The fledgling business quickly built a model based on activities outsourced by manufacturers, distributors, retailers, and operators of wireless devices. Last year, Brightstar booked $4.6 billion in revenues. Today, it employs 3,500 people and operates in 50 countries around the world – including the United States, one of its fastest-growing markets.
Like Brightstar, other Hispanic entrepreneurs can profitably apply knowledge, experience, and contacts gained in the United States to expand their businesses in their homelands. They will need some help, though.
Small- and medium-sized enterprises typically face numerous hurdles to entering new markets. Beyond financing – a frequent concern for most business people – they require adequate hedging mechanisms, such as political risk insurance. They also need accurate information about potential markets and simplified procedures to start doing business abroad.
The United States has a clear interest in the proliferation of successful Hispanic entrepreneurs, who could generate wealth and jobs at home by tapping opportunities in Latin America’s fast-growing economies. This, in turn, would help advance the development in their countries of origin that is needed to help stem emigration in the first place.
From the Latin American standpoint, the 50 million-strong Hispanic community in the United States represents an enormous and growing potential market. At $1.3 trillion a year, the purchasing power of Latinos in the U.S. is greater than the GDP of every Latin American country but Brazil.

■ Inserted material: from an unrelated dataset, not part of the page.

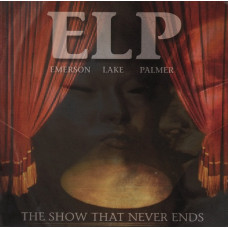 Emerson, Lake & Palmer – The Show That Never Ends (2 x CD) Sıfır 2001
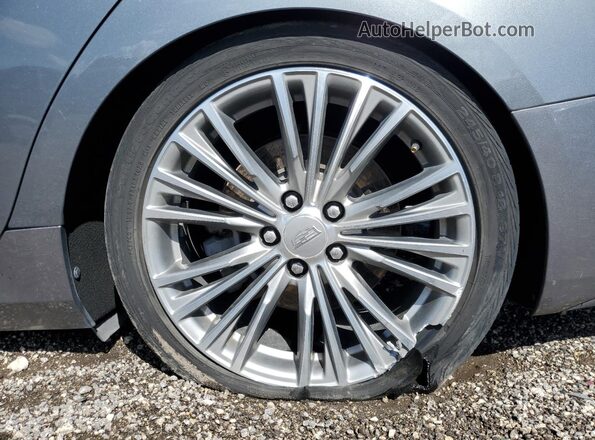 1G6DB5RK0L0156270 2020 CADILLAC CT4 Серый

To foster more Brightstars, governments should work with private enterprise to favor the emergence of dynamic commercial ties across borders. In this case, the Small Business Administration could enter into a partnership with the Inter-American Development Bank, a Washington-based multilateral lender with a strong presence and deep roots in every country between the Rio Grande and the Straits of Magellan.
Working with chambers of commerce in U.S. cities and states where most Hispanic-owned companies are located, the SBA and the IDB can provide valuable information and leads about potential deals in Latin America, connecting businesses in this country with new markets in a region whose middle class could double to 500 million people over the next two decades.
Backed by financing from other federal agencies such as the Overseas Private Investment Corp. and the Export-Import Bank, Hispanic entrepreneurs could gain a firm foothold in Latin America, where rising aspirations encompass everything from improved housing to entertainment.
The IDB, in turn, can provide technical assistance and financing for enterprises in the region to deepen their integration with companies owned by Hispanics in the U.S.
Trade missions, investment conferences, and new forums for networking can also help business people make productive contacts. The IDB regularly organizes a business fair that brings Latin American food-and-drink producers in contact with potential distributors. Hispanic-owned businesses could become leaders in the so-called nostalgia trade, supplying U.S. Hispanics with the products they most miss from their ancestral lands.
Latin America has learned from its past and stands poised to seize this promising moment. The U.S. can share in our bonanza. Hispanic-owned businesses could play a key role if they look toward their own roots. Their success would benefit everyone, on both sides of the hemisphere.
Luis Alberto Moreno is president of the Inter-American Development Bank.